Data extracts
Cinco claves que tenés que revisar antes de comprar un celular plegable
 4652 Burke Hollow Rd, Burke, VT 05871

==

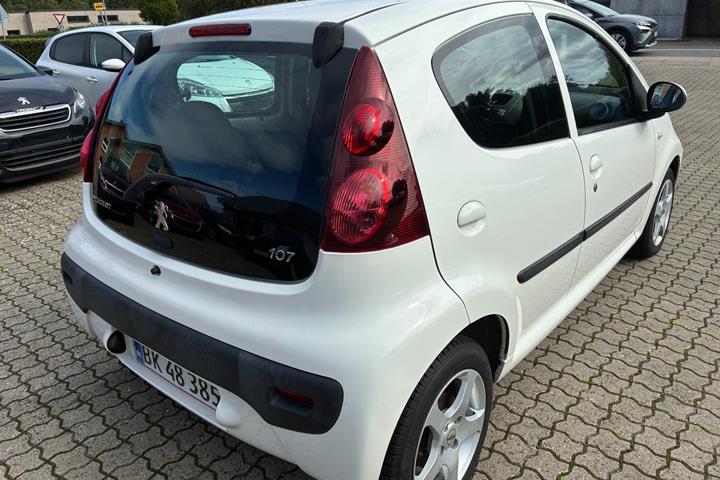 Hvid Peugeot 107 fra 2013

Work to be completed
For this task, write out exactly the lines of the entries above, starting at the line with "Cinco claves que" and ending at the line with "4652 Burke Hollow Rd, Burke, VT 05871", both included, and no others.

Completed exercise
Cinco claves que tenés que revisar antes de comprar un celular plegable
 4652 Burke Hollow Rd, Burke, VT 05871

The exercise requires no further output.